Work instruction: Each entry should be quoted word for word, including every mark of punctuation.

Source data:
________________________________________
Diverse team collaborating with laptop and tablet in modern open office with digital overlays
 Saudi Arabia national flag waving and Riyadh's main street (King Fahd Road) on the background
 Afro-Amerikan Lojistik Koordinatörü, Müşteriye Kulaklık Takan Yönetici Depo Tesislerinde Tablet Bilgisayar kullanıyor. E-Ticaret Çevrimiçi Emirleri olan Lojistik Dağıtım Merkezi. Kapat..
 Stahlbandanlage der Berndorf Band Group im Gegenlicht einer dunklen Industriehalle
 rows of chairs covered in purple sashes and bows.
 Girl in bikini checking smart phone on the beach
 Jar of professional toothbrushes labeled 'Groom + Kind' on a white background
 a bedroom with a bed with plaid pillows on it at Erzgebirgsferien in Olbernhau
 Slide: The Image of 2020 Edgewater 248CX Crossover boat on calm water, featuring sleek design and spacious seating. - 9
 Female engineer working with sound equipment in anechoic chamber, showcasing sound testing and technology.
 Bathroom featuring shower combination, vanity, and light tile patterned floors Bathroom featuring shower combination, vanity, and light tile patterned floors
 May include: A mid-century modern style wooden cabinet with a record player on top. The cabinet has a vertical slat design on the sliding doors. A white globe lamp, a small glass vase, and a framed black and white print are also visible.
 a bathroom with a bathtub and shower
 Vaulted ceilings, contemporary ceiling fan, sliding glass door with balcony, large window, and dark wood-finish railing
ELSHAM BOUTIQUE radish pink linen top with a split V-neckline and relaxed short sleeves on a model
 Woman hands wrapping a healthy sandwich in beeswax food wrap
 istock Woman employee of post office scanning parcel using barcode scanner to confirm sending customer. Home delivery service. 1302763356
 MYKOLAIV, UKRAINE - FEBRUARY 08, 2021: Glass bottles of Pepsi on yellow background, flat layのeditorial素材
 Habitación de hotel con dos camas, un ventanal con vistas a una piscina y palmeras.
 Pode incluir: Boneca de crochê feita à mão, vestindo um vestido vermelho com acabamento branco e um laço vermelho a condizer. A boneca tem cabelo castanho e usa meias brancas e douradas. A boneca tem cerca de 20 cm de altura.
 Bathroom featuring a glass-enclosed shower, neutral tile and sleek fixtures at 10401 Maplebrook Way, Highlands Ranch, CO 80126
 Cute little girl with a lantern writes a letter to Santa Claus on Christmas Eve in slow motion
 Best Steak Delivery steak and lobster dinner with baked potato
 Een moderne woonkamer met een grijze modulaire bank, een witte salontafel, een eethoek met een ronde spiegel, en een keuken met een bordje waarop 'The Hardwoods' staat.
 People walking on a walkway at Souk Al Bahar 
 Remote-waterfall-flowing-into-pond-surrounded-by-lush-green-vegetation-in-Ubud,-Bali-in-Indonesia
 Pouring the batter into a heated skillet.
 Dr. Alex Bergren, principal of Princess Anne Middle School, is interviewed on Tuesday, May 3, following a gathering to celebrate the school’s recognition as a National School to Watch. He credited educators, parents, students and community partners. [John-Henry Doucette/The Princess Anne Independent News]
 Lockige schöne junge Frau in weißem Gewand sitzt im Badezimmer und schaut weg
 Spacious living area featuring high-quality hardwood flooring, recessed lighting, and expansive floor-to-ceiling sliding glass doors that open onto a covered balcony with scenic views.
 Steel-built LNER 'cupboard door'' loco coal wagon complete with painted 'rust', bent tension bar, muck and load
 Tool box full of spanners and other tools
________________________________________
Answer to the problem:
Diverse team collaborating with laptop and tablet in modern open office with digital overlays
 Saudi Arabia national flag waving and Riyadh's main street (King Fahd Road) on the background
 Afro-Amerikan Lojistik Koordinatörü, Müşteriye Kulaklık Takan Yönetici Depo Tesislerinde Tablet Bilgisayar kullanıyor. E-Ticaret Çevrimiçi Emirleri olan Lojistik Dağıtım Merkezi. Kapat..
 Stahlbandanlage der Berndorf Band Group im Gegenlicht einer dunklen Industriehalle
 rows of chairs covered in purple sashes and bows.
 Girl in bikini checking smart phone on the beach
 Jar of professional toothbrushes labeled 'Groom + Kind' on a white background
 a bedroom with a bed with plaid pillows on it at Erzgebirgsferien in Olbernhau
 Slide: The Image of 2020 Edgewater 248CX Crossover boat on calm water, featuring sleek design and spacious seating. - 9
 Female engineer working with sound equipment in anechoic chamber, showcasing sound testing and technology.
 Bathroom featuring shower combination, vanity, and light tile patterned floors Bathroom featuring shower combination, vanity, and light tile patterned floors
 May include: A mid-century modern style wooden cabinet with a record player on top. The cabinet has a vertical slat design on the sliding doors. A white globe lamp, a small glass vase, and a framed black and white print are also visible.
 a bathroom with a bathtub and shower
 Vaulted ceilings, contemporary ceiling fan, sliding glass door with balcony, large window, and dark wood-finish railing
ELSHAM BOUTIQUE radish pink linen top with a split V-neckline and relaxed short sleeves on a model
 Woman hands wrapping a healthy sandwich in beeswax food wrap
 istock Woman employee of post office scanning parcel using barcode scanner to confirm sending customer. Home delivery service. 1302763356
 MYKOLAIV, UKRAINE - FEBRUARY 08, 2021: Glass bottles of Pepsi on yellow background, flat layのeditorial素材
 Habitación de hotel con dos camas, un ventanal con vistas a una piscina y palmeras.
 Pode incluir: Boneca de crochê feita à mão, vestindo um vestido vermelho com acabamento branco e um laço vermelho a condizer. A boneca tem cabelo castanho e usa meias brancas e douradas. A boneca tem cerca de 20 cm de altura.
 Bathroom featuring a glass-enclosed shower, neutral tile and sleek fixtures at 10401 Maplebrook Way, Highlands Ranch, CO 80126
 Cute little girl with a lantern writes a letter to Santa Claus on Christmas Eve in slow motion
 Best Steak Delivery steak and lobster dinner with baked potato
 Een moderne woonkamer met een grijze modulaire bank, een witte salontafel, een eethoek met een ronde spiegel, en een keuken met een bordje waarop 'The Hardwoods' staat.
 People walking on a walkway at Souk Al Bahar 
 Remote-waterfall-flowing-into-pond-surrounded-by-lush-green-vegetation-in-Ubud,-Bali-in-Indonesia
 Pouring the batter into a heated skillet.
 Dr. Alex Bergren, principal of Princess Anne Middle School, is interviewed on Tuesday, May 3, following a gathering to celebrate the school’s recognition as a National School to Watch. He credited educators, parents, students and community partners. [John-Henry Doucette/The Princess Anne Independent News]
 Lockige schöne junge Frau in weißem Gewand sitzt im Badezimmer und schaut weg
 Spacious living area featuring high-quality hardwood flooring, recessed lighting, and expansive floor-to-ceiling sliding glass doors that open onto a covered balcony with scenic views.
 Steel-built LNER 'cupboard door'' loco coal wagon complete with painted 'rust', bent tension bar, muck and load
 Tool box full of spanners and other tools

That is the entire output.